And off I careered towards the horizon.
The problem is, though (and you’d have thought I was lucid enough to see this beforehand) there isn’t a single fixed “solution” to your health. You don’t just arrive at a point and say “right, I’m fixed, the end”. I was foolish.
And in my complacency, I let life happen (so sue me); work travel, fun travel, parties and general fun ensued, messing with my tight workout schedule and strict diet, and I put on some weight. YES, YOU READ THAT CORRECTLY. THE GIRL WHO SOLVED HEALTH PUT ON WEIGHT. The irony, the arrogance. I know, I’m shocked too.
And do you know what I did reader? I was really calm, had a word with myself, and lost the weight again, and all was well.

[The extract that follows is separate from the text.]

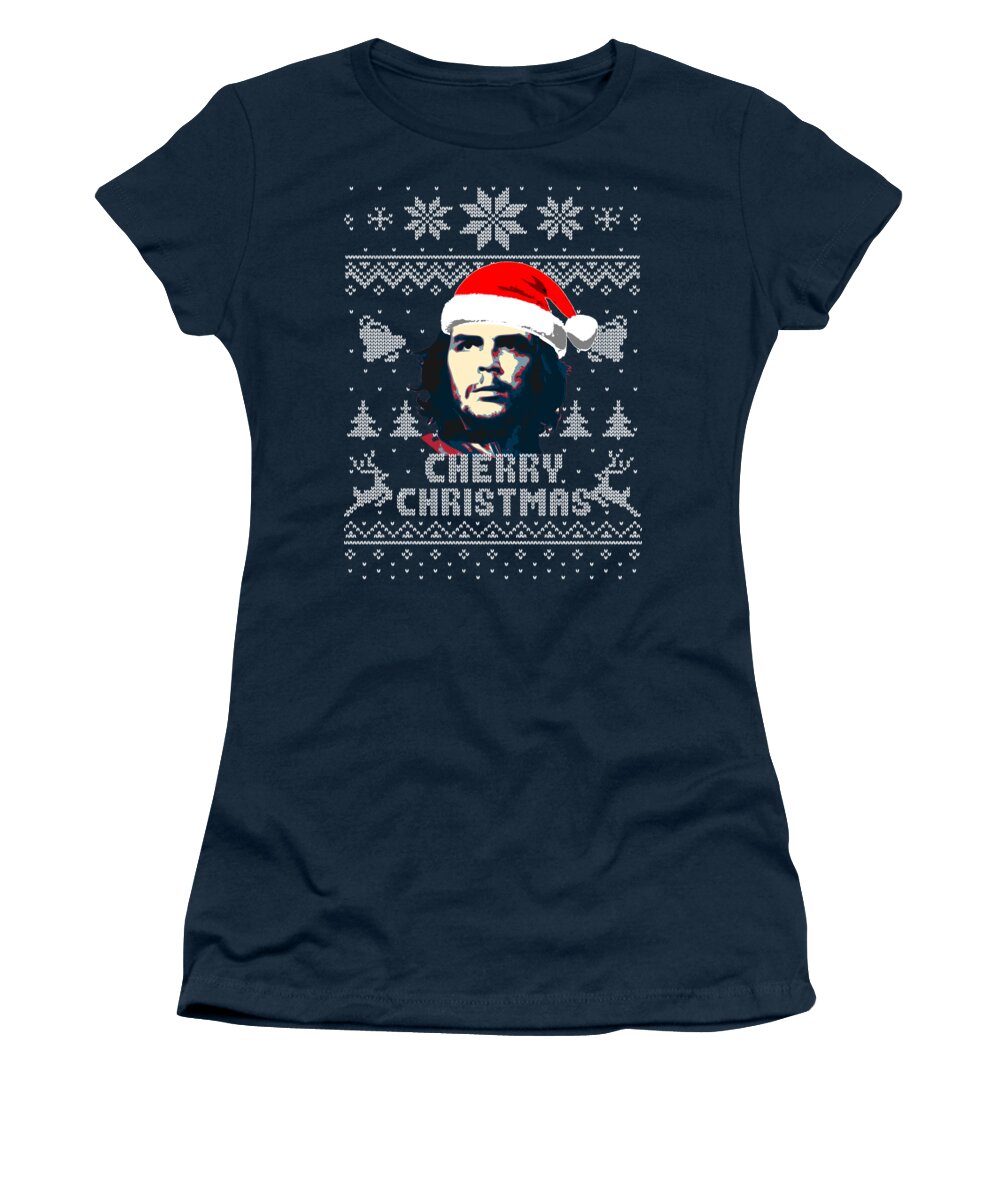 Santa Women's T-Shirt featuring the digital art Cherry Christmas Che Guevara by Filip Schpindel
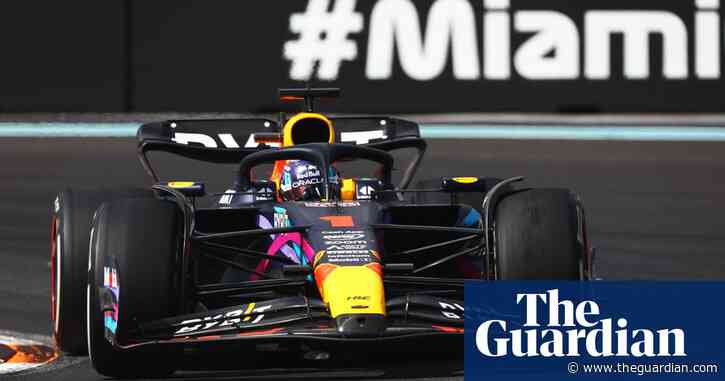 Max Verstappen hunts down Sergio Pérez to claim victory in Miami F1 GP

Lol, just joking, I’m a human too.
I had a freakout of epic proportions and intuitively started being horrible to myself again (which I’m actually pretty good at btw). This eventually eroded my self-confidence and lead me to put on even more weight. Good job, Rose, bravo. All the while dealing out advice to followers on Instagram (and anyone who would listen), keen to know how I’d lost the weight, and helping them to make better decisions in their lives. I know, you couldn’t write this sh*t.
Anyway, as it turns out, this health malarky isn’t something you can just “solve”. No, it’s a long game; an until-death-do-us-part commitment that will fluctuate as life peaks and troughs, swerves and spins. And the only thing you can really control is how you react to these changes of course.
The point is, lads, that relapses happen, and they don’t define us. In fact, the way that we deal with them gives us an opportunity to demonstrate how far we’ve come. And the emotional interaction between weight and worth is a tricky one and it’s not our fault—it requires continuous monitoring, and self-compassion and love by the bucket load. But I am determined to get back on top of it; to be nicer to myself, to look after myself and to feel more in control. And because I want to, I know will—that’s how it works.
So I guess what I’m trying to say chaps is that I AM BACK. I wish I could say it was by popular demand, but it is an ego trip at best. Either way, here I am again, for all the unsolicited advice your heart desires, and if any of you are kind enough to read then I am eternally grateful.